Propos recueillis par HPN

 

1- Comment vivez-vous ou avez-vous vécu la période de confinement ?

 

 Âgé de plus de 70 ans, je demeure en confinement jusqu’à ce que je reçoive les instructions gouvernementales pour le déconfinement. C’est très bénéfique pour moi, entre autres j’ai plus de temps pour ma famille, ainsi que pour lire et écrire.

 

2- Quel monde, Quel Haïti après le COVID-19 ?

 

Deux mots-clés résumeront l’après-COVID19 : Résilience et Opportunités !

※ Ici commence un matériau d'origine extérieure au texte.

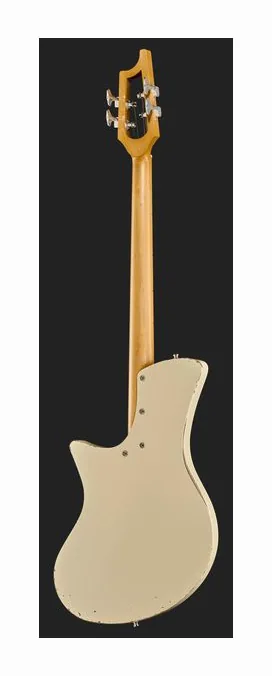 Ulrich Bass Retro57 P 4 Cream Relic, vue 3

Quel puisse être le lendemain de la pandémie, la Terre n’arrêtera pas de tourner; le Monde ne cessera pas ses activités routinières, quoiqu’il faille appréhender des lendemains différents du «statu quo ante». Ça, c’est la résilience.

 

Un peu partout, à travers le monde, on voit se développer différentes initiatives, les unes plus audacieuses que les autres. Divers États se positionnent sur l’échiquier mondial, en vue de l’influence qu’ils veulent continuer d’exercer ou gagner, une fois la pandémie maîtrisée. Ça, ce sont des opportunités.

 

Certes, le système économique dominant subit un revers cuisant, mais il n’acceptera pas de sombrer longtemps. Les pays dits "développés" sont très créatifs pour conserver et même raffermir leur prédominance, ce à n’importe quel prix. Ceux, dits « sous-développés » risquent d’être les vrais perdants de cette pandémie.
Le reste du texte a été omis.